*WORK TO COMPLETE*:
The answer should be every line below, repeated exactly, with the images left out.

====

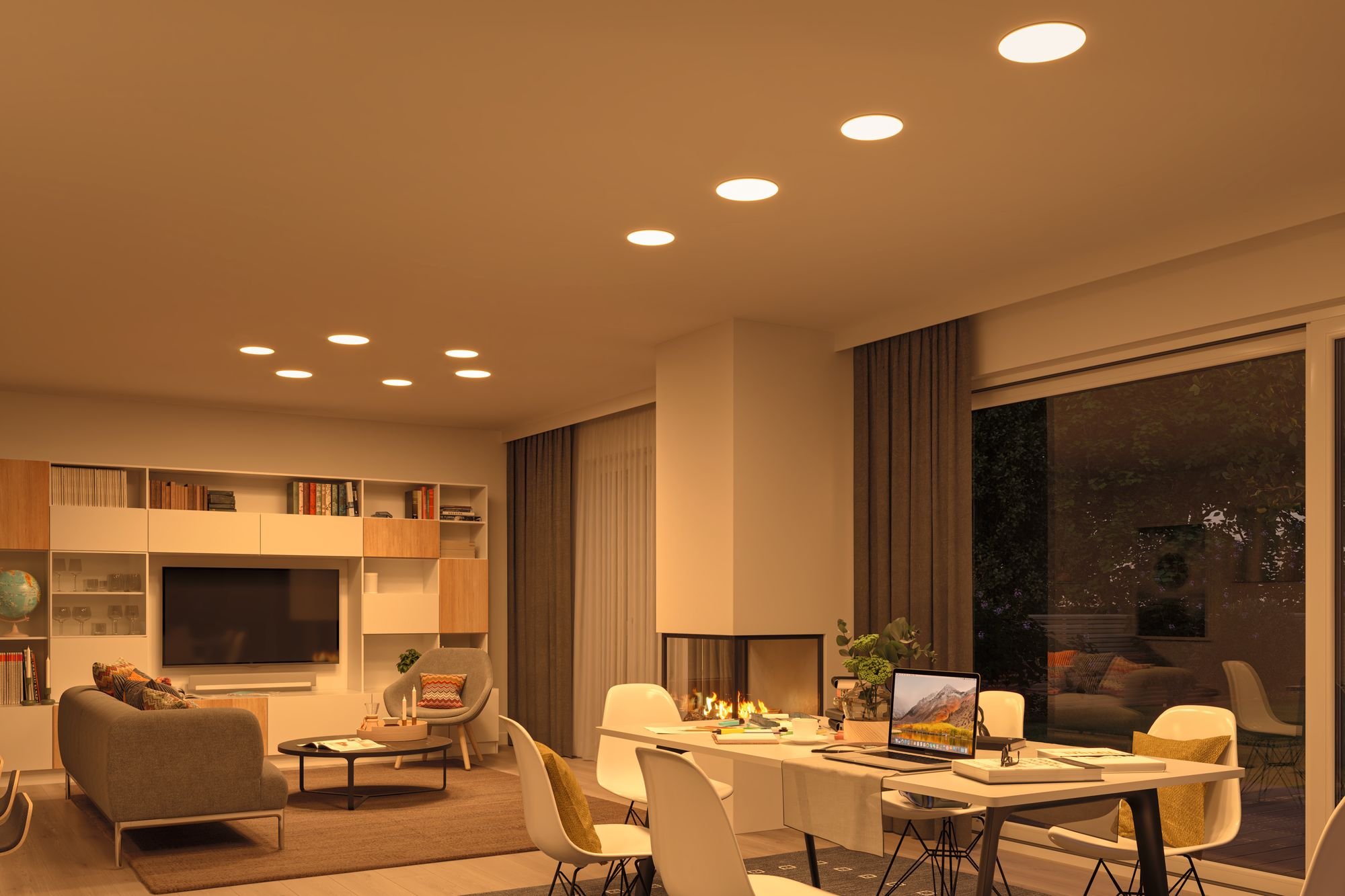P 95386 Smart Home Zigbee LED vestavné svítidlo Veluna VariFit měnitelná bílá 185mm IP44 15W - PAULMANN (obrázek 7)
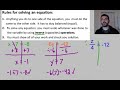 Solving One and Two Step Equations Challenge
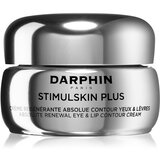 Darphin stimulskin plus absolute renewal eye & lip contour cream pomlajevalna krema za predel okoli oči in ustnice 15 ml za ženske | Shoptok.si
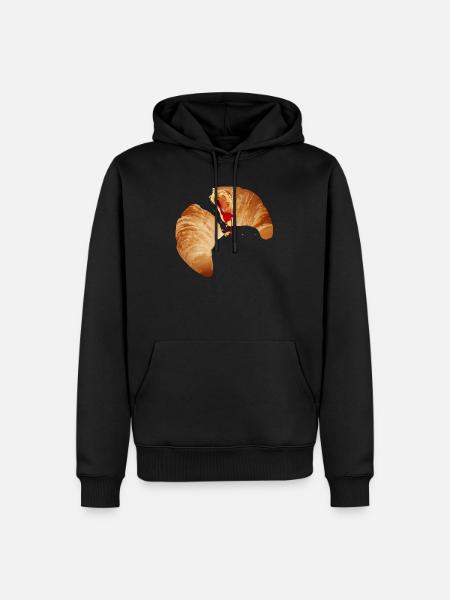 The popular croissant filled with jam - Men’s Premium Organic Hoodie - black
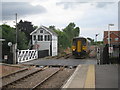 The 15.35 to Barton on Humber arrives at Goxhill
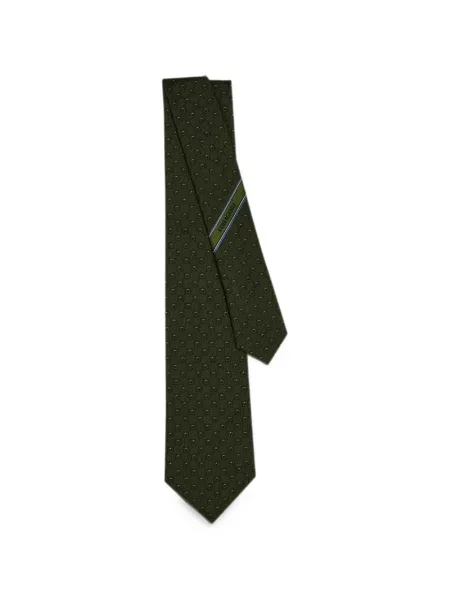 Cravată Ferragamo din jacard verde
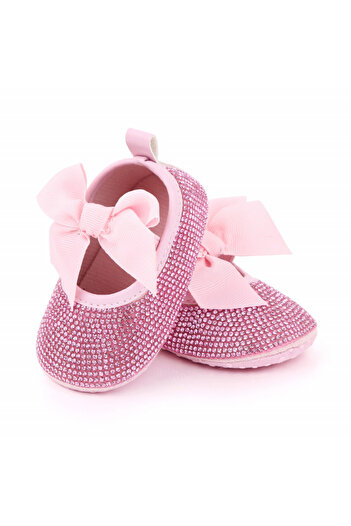 Superbaby Pink rhinestone shoes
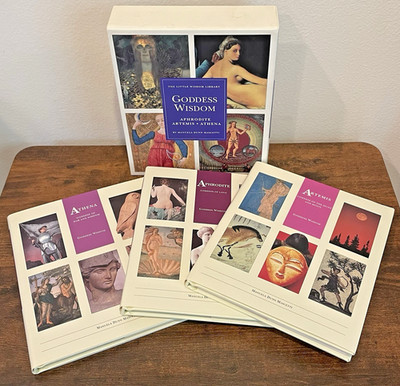 Goddess Wisdom, The Little Wisdom Library, 3 books Aphrodite Artemis Athena, VTG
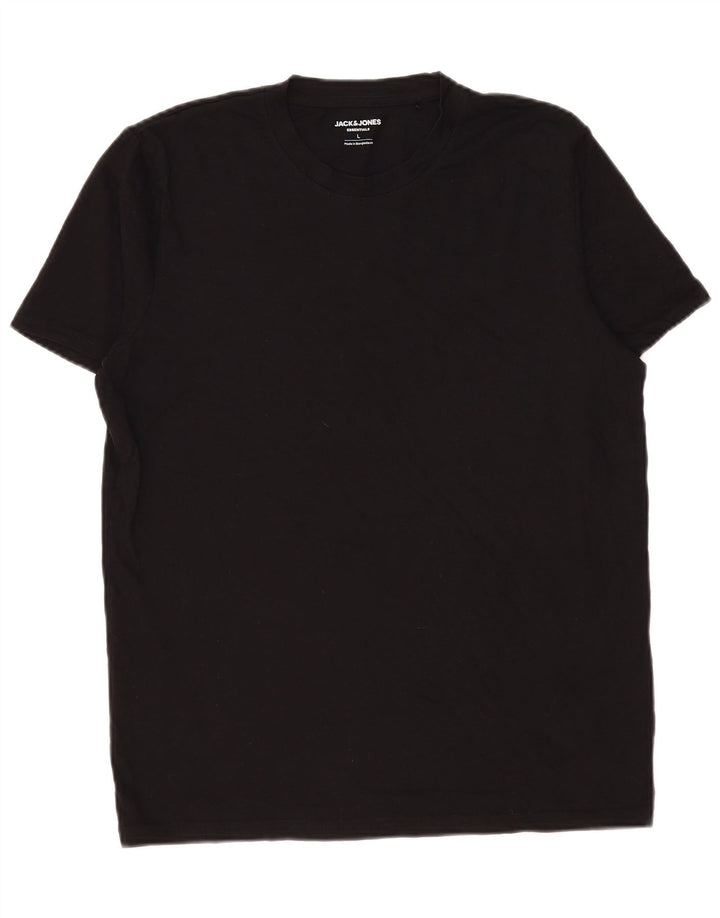 Tricou Jack & Jones pentru bărbați Top mare din bumbac negru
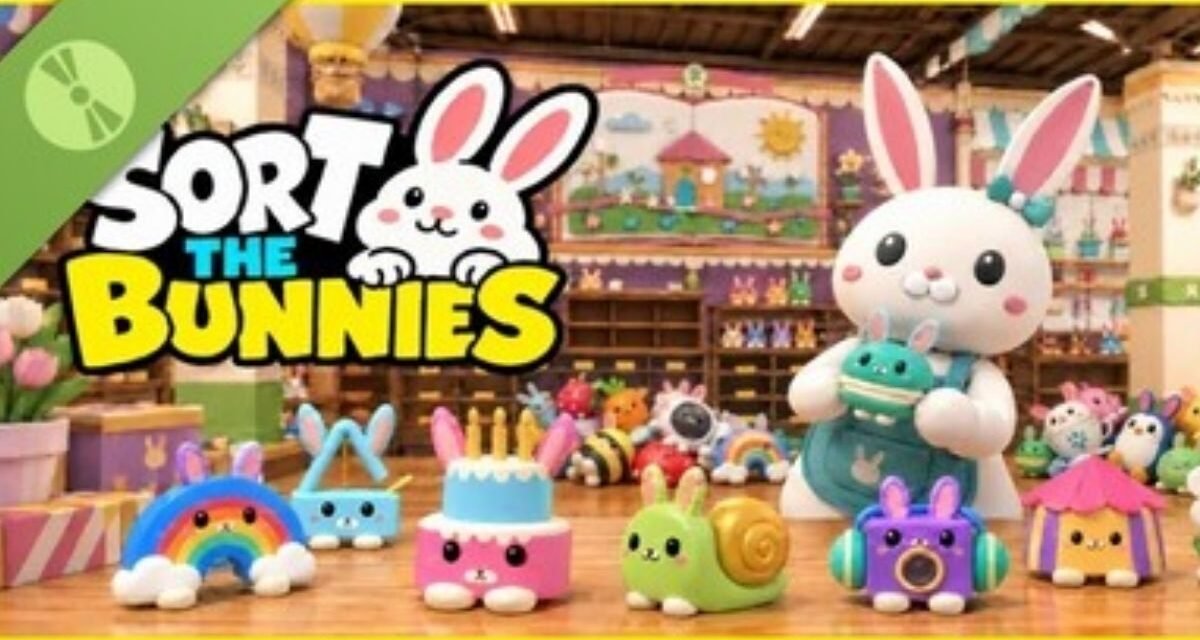 Review | Demo de “Sort the Bunnies” transforma a organização de coelhinhos em diversão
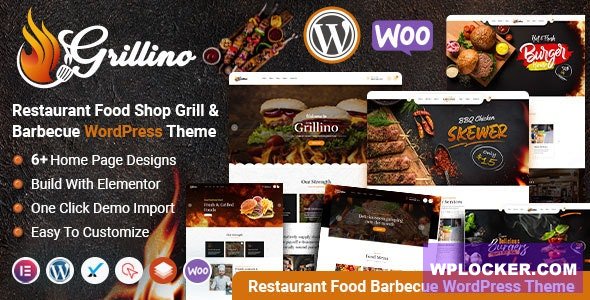 Grillino v1.4 - Grill & Restaurant Shop WordPress Theme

====

*ANSWER BELOW*:
P 95386 Smart Home Zigbee LED vestavné svítidlo Veluna VariFit měnitelná bílá 185mm IP44 15W - PAULMANN (obrázek 7)
 Solving One and Two Step Equations Challenge
 Darphin stimulskin plus absolute renewal eye & lip contour cream pomlajevalna krema za predel okoli oči in ustnice 15 ml za ženske | Shoptok.si
 The popular croissant filled with jam - Men’s Premium Organic Hoodie - black
 The 15.35 to Barton on Humber arrives at Goxhill
 Cravată Ferragamo din jacard verde
 Superbaby Pink rhinestone shoes
 Goddess Wisdom, The Little Wisdom Library, 3 books Aphrodite Artemis Athena, VTG
 Tricou Jack & Jones pentru bărbați Top mare din bumbac negru
 Review | Demo de “Sort the Bunnies” transforma a organização de coelhinhos em diversão
 Grillino v1.4 - Grill & Restaurant Shop WordPress Theme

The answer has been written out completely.